Bevor es losgeht, erledigt Timm noch kleine Botengänge: Er bringt eine Brille zu einem Bekannten, liefert einen Schlauch für die LPG, überbringt Tee aufs Feld. Die Zeit läuft davon – und als er zurückkehrt, ist die Gruppe bereits weitergereist. Nur ein Zettel bleibt: „Komm nach.“
Timm geht los. Erst mit dem Fahrrad, später zu Fuß. Er wird aufgehalten, kommt auf ein militärisches Übungsgelände, übernachtet schließlich bei Arbeitern. Am Ende trifft er doch noch auf die Gruppe – und darf sich ihnen anschließen.
Zeitlosigkeit eines DDR-Kinderbuchs
Die Reise nach Sundevit ist kein Abenteuerbuch im klassischen Sinn. Es geht nicht um Prüfungen, nicht um Heldentaten. Es geht um Entscheidungen – kleine, konkrete, nachvollziehbare. Timm tut, was zu tun ist. Ohne Applaus, ohne Anleitung.
Die Sprache bleibt klar und ohne Umwege. Pludra beschreibt, was passiert. Ohne zu deuten. Das macht das Buch auch heute noch gut lesbar, obwohl es stilistisch deutlich aus einer anderen Zeit kommt. Kinder, die heute lesen, finden hier keine erklärten Gefühle, sondern Situationen, die Haltung verlangen.
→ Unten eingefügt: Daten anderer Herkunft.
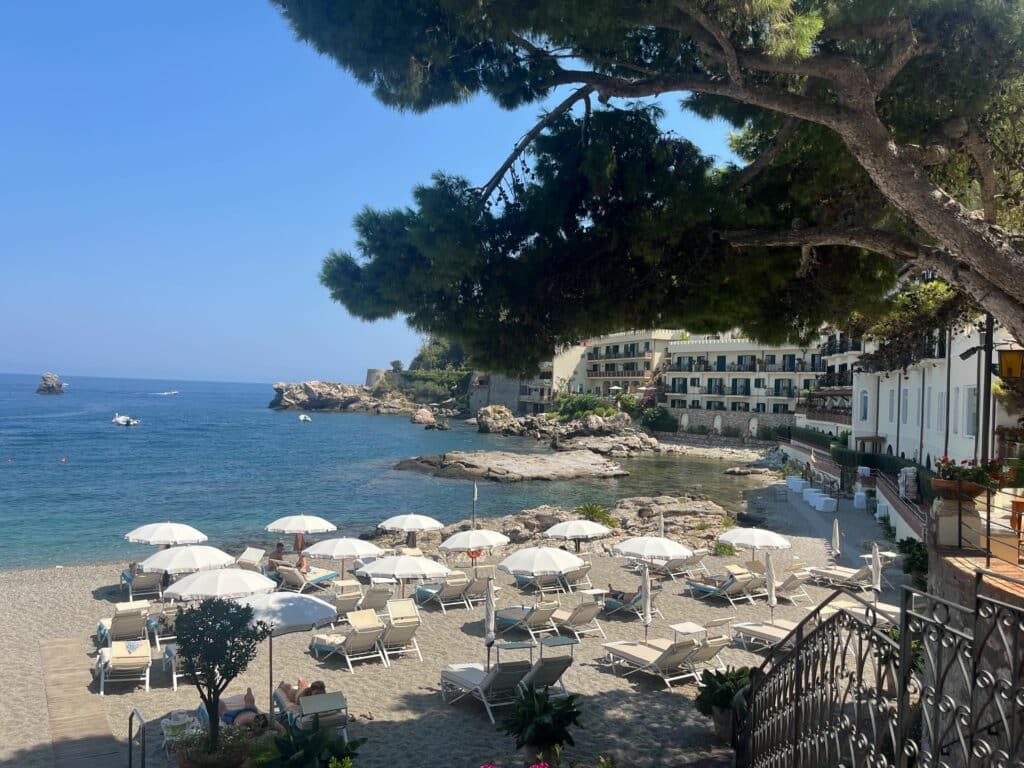 Sicilia i august med solsenger, strand og sol.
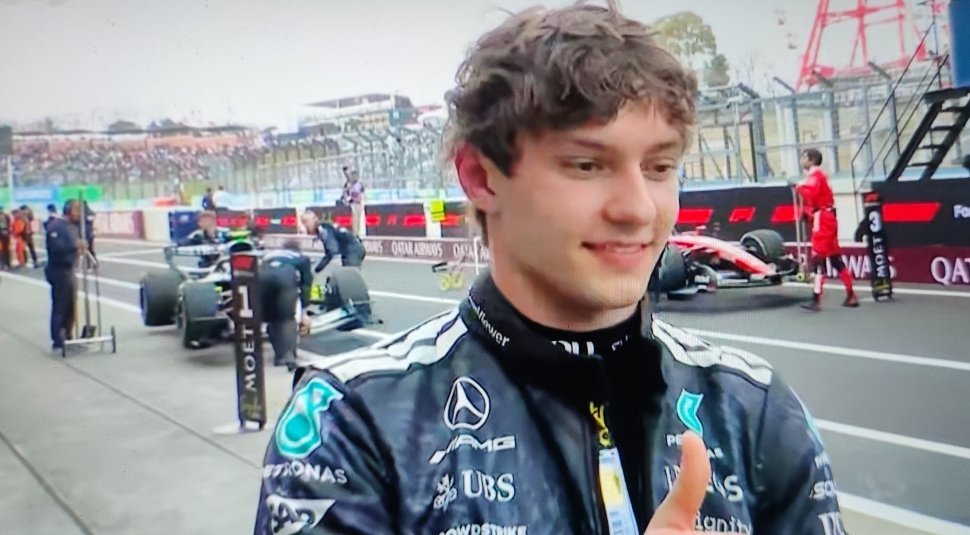 F1安东内利夺得F1日本大奖赛的冠军，皮亚斯.特里第二，勒克莱尔第三。 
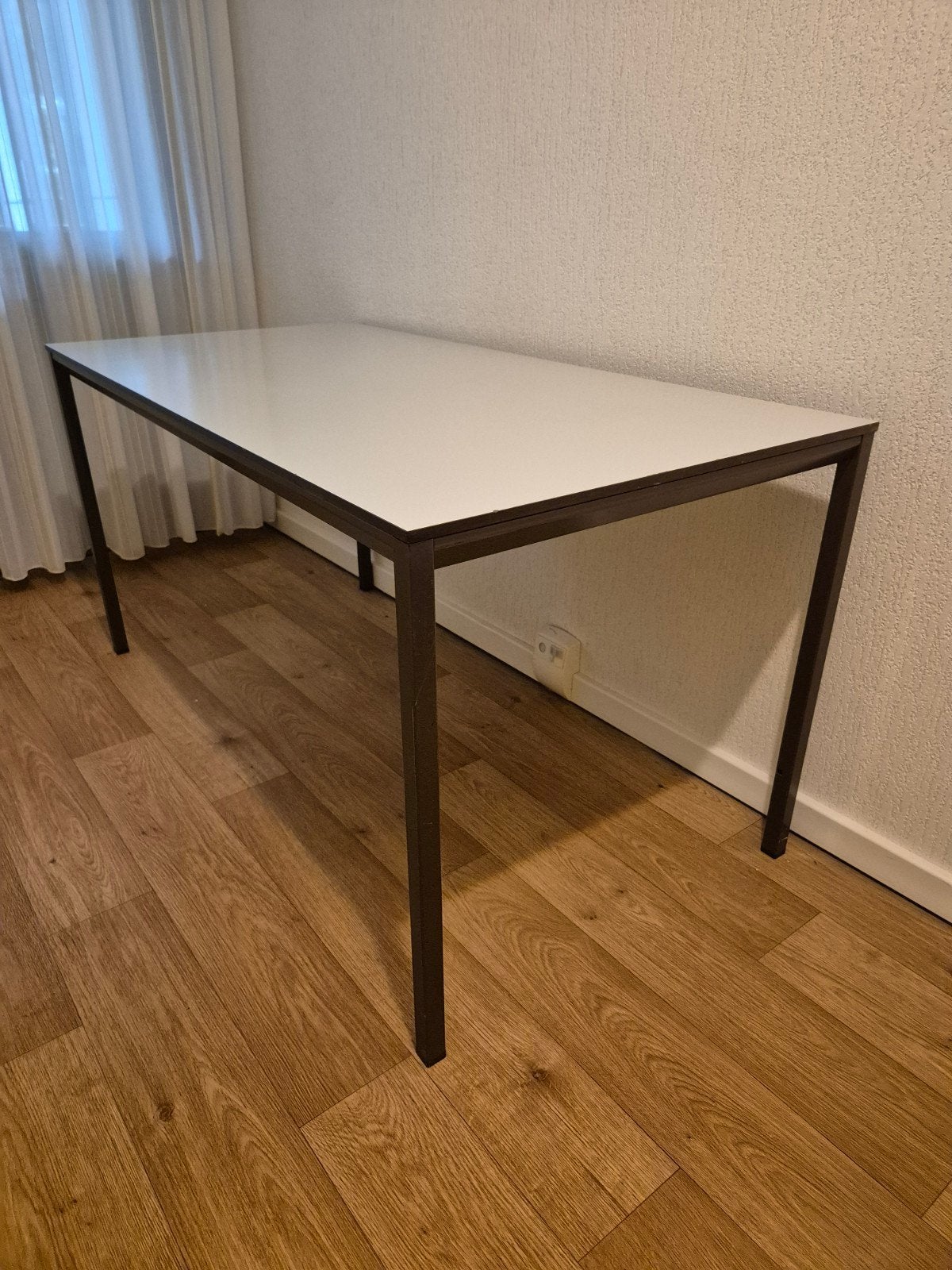 Van Gispen tafel - Wit blad, metalen onderstel, Ophalen, Gebruikt, 100 tot 150 cm, Overige materialen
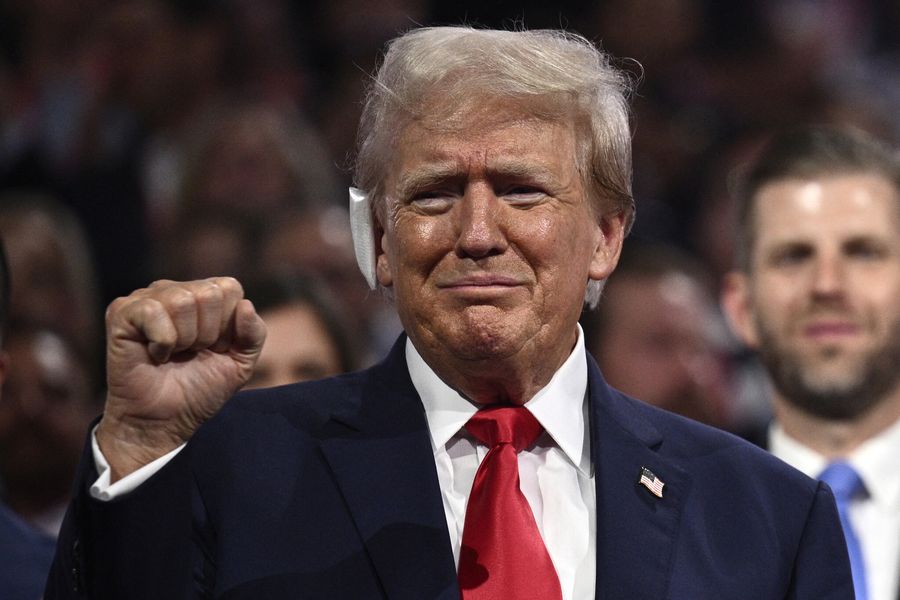 أيام قبل وصول ترمب!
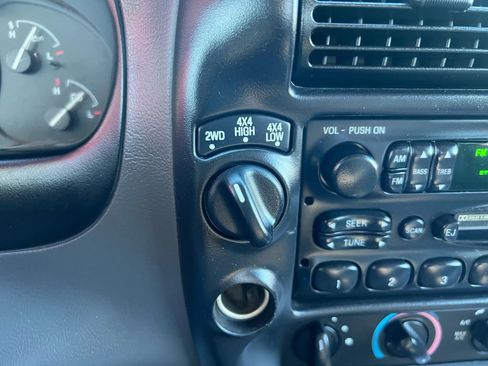 Used 2001 Ford Ranger 4x4 SuperCab image 15
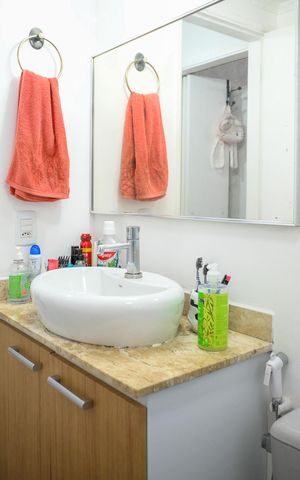 Apartamento à venda com 49m², 2 quartos e 1 vaga Apartamento à venda com 49m², 2 quartos e 1 vagaBanheiro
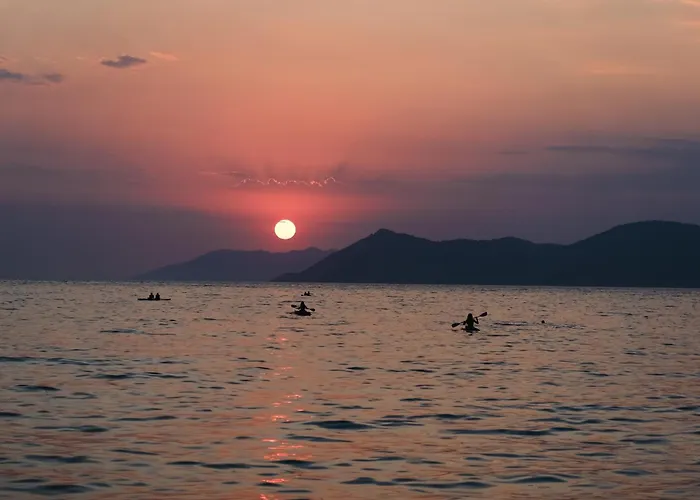 Campismo de Luxo Butterfly Valley Seaside Glamping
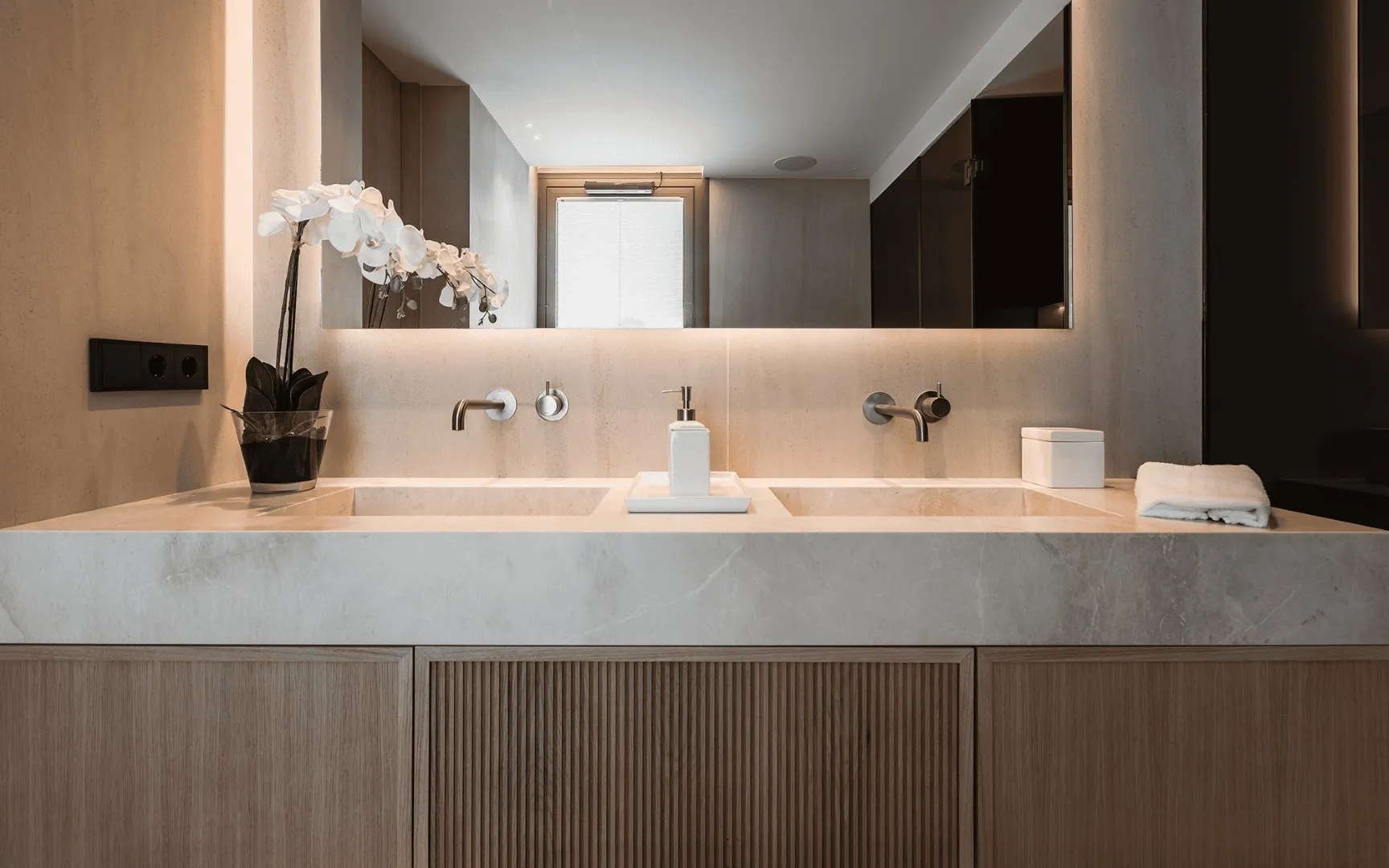 Buy Stunning Luxury Villa for Sale in Marbella Golf Banus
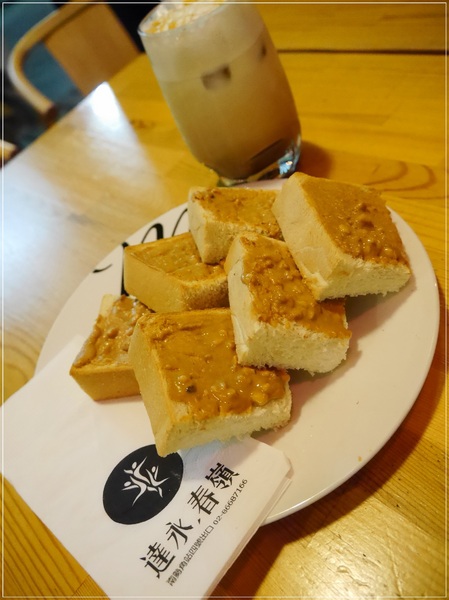 阿達阿永咖啡廳：【中和】阿達阿永咖啡廳－由 <達永建設 x 5 Senses x 聞山咖啡> 合作 ‧ 南勢角捷運站4號出口 ‧ 圓通通小綠地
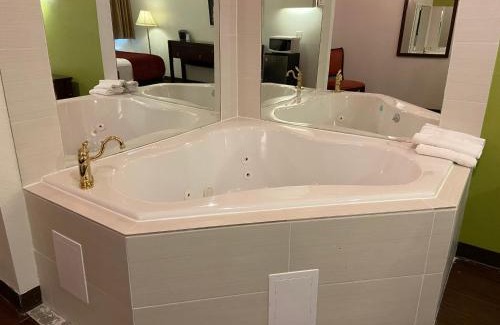 Willoughby Hotel | Skylight Inn Willoughby - Cleveland Mentor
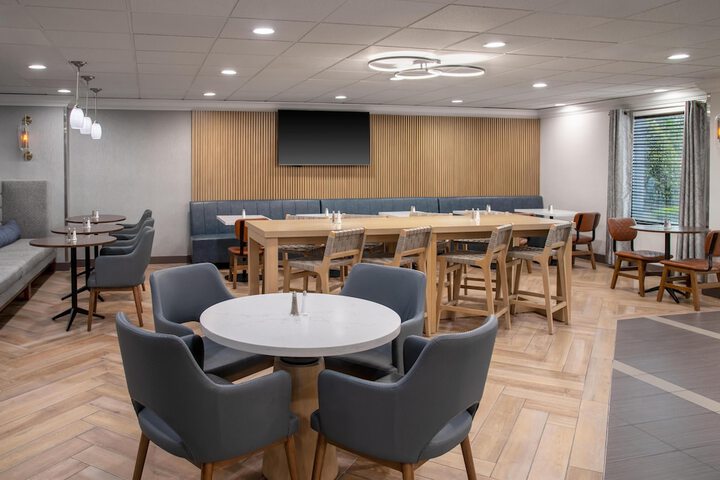 DoubleTree by Hilton Springdale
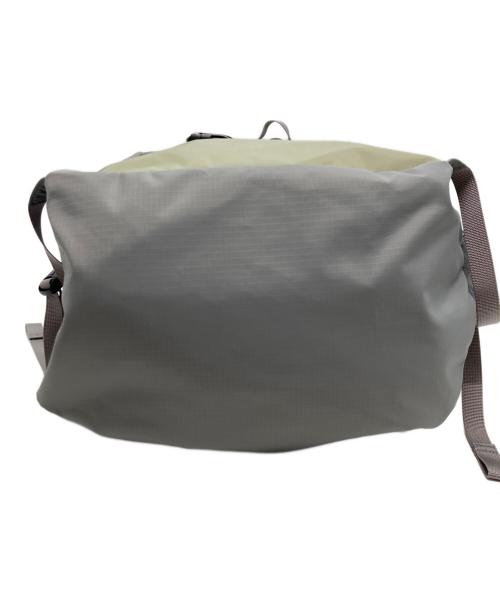 Patagonia（パタゴニア）Patagonia (パタゴニア) テラヴィア・トート・パック 24L グレー×カーキの古着・服飾アイテム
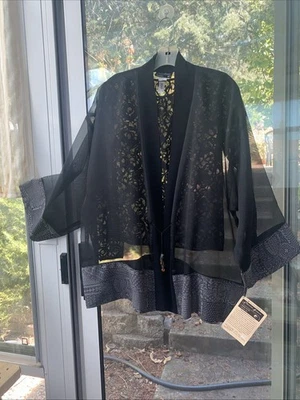 Chaqueta kimono de organza negra con ribete de kimono antiguo única en su clase. Foto 1 de 4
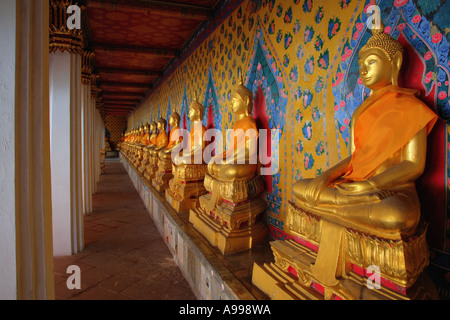 Buddha situato nella galleria dei bot a Wat Arun, noto anche come il tempio dell'alba, Bangkok in Thailandia. Foto Stock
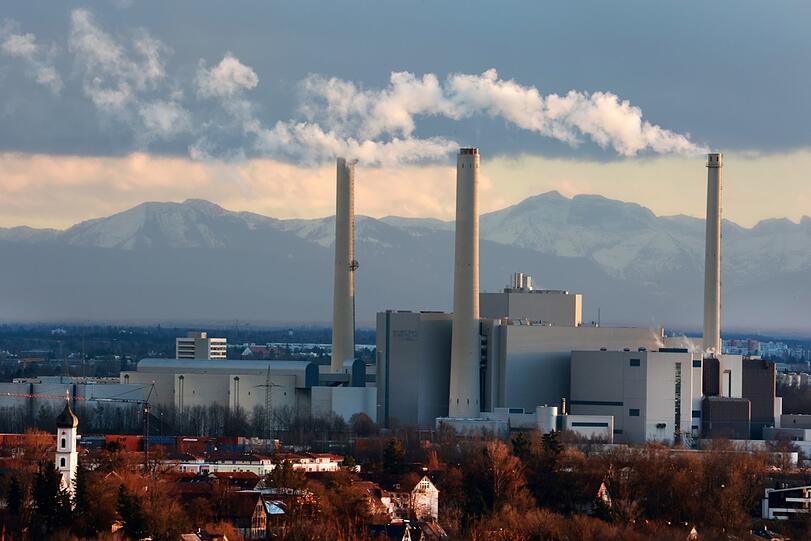 Das Heizkraftwerk Nord vor Alpenkulisse.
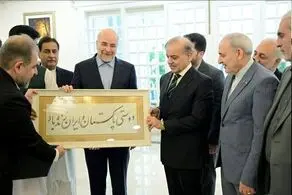هدیه خاص محمدباقر قالیباف به نخست وزیر پاکستان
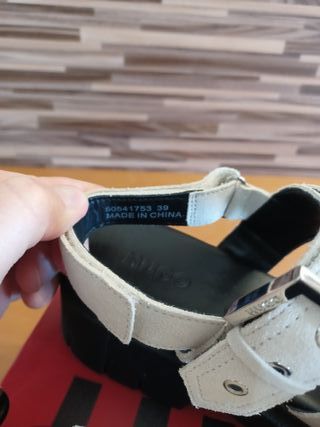 Sandalias HUGO Kris Plataforma Blanca Negra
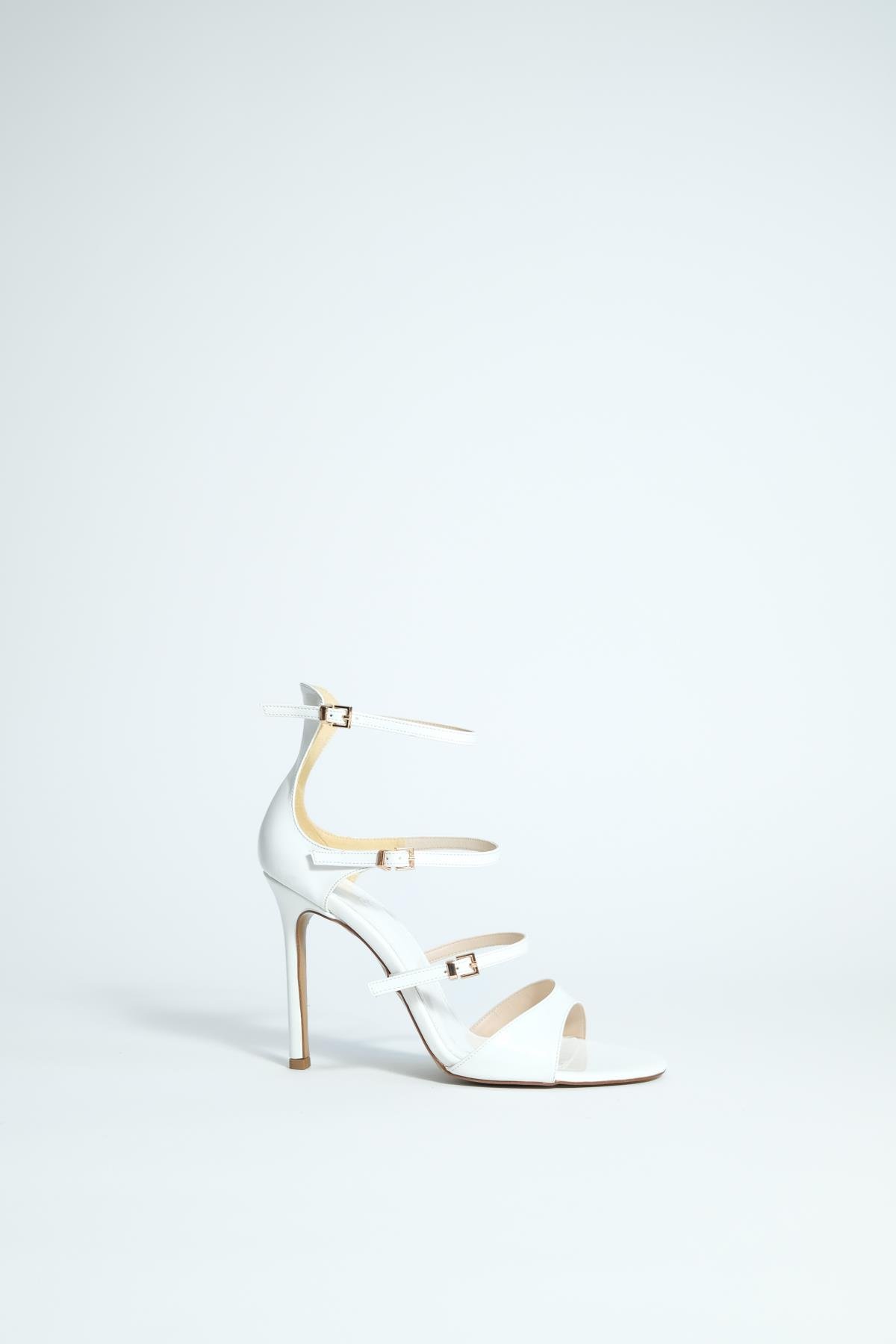 Elsa Beyaz Rugan Bilek Bantlı Topuklu Ayakkabı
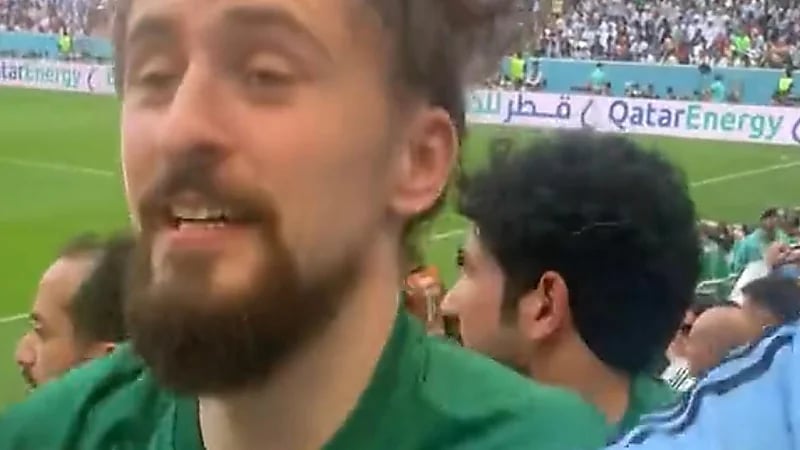 بالفيديو.. أرجنتيني ينزع قميصه ويرتدي قميص الأخضر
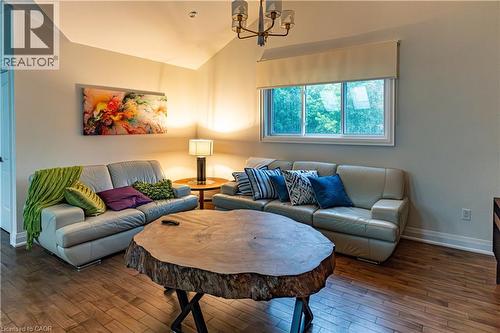 2019 Dundas Street, Burlington, ON - Indoor Photo Showing Living Room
Ein Kinderbuch über Mut, Freundschaft und Verantwortung
Timm bricht auf, obwohl niemand ihn dazu zwingt. Er hilft, obwohl er es nicht müsste. Er kommt an, weil er nicht aufhört zu gehen. Die Reise nach Sundevit zeigt: Mut ist nicht laut, Freundschaft ist nicht inszeniert, und Verantwortung beginnt oft im Kleinen.
Die Zeichnungen von Hans Baltzer begleiten den Text zurückhaltend. Sie ergänzen, kommentieren nicht. Das Buch erklärt sich nicht – es lässt sich lesen.
Ein Kinderbuchklassiker ohne Ablaufdatum
Die Reise nach Sundevit von Benno Pludra ist ein Buch ohne pädagogischen Überbau, das gerade deshalb Bestand hat. Es erzählt davon, wie ein Kind losgeht – nicht, um zu glänzen, sondern um zu halten, was es zugesagt hat.
Wer Kindern eine Geschichte geben will, die sie ernst nimmt, findet hier ein Buch, das nicht anbietet, sondern einfach erzählt. Und das reicht.